An exodus of women writers amid bullying allegations. A male columnist lashing out at anyone who disagrees with him. And an editor who’s letting him get away with it.

The father of the late journalist Malcolm Muggeridge once advised him: ‘Never work for a liberal. They’ll give you the sack on Christmas Eve.’

Perhaps because Muggeridge was once employed by the Guardian, this piece of advice has been taken by some to refer to that great, though sometimes infuriating, liberal newspaper.

On the surface it appears virtuous and high‑minded, but underneath there is a good portion of dirty washing, which it is not keen to share with the rest of the world.

An obvious example is Guardian Media Group’s use of an offshore tax shelter in the Cayman Islands to avoid paying tax on the £302 million in profit it realised from the sale in 2007 of some of its shares in Auto Trader. The paper invariably decries tax avoidance in others.

I’ve written about many controversies at the paper over the years, but they largely pale into insignificance in comparison with the convulsions that have seized it for more than two years — and recently come to the boil.

The Guardian has been accused by one of its columnists of ‘censoring’ important discussions about gender identity. Hadley Freeman, who worked for the newspaper for 22 years, has resigned to go to another title.

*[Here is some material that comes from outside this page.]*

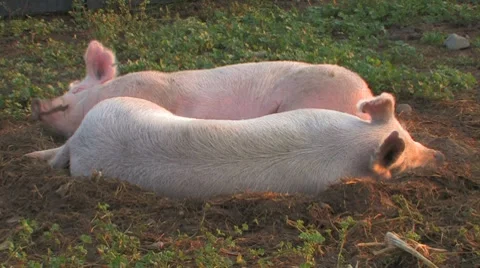 Two sleeping pigs at sunset/sunrise Stock Footage 7762543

In a valedictory letter to Katharine Viner, the editor-in-chief, which was leaked to Private Eye magazine, Freeman criticised the paper for abandoning its tradition of balance (which some may think has been more honoured in the breach than the observance).

Freeman alleged that the newspaper’s once‑willing embrace of complex questions had disappeared with respect to the ‘gender issue’. She also recalled being ‘repeatedly warned off in the Corbyn era [from] writing about Labour from my perspective as a Jew’.

In normal circumstances, the resignation of a columnist, even one so relatively well‑known as Hadley Freeman, would hardly be deemed headline news.

But her embittered departure is the latest episode in a culture war that has been raging at the newspaper for more than two years. It is no exaggeration to say that Freeman is a casualty of ‘cancel culture’ in the ‘gender wars’. As we shall see, she is far from being the only female Guardian journalist who has felt censored.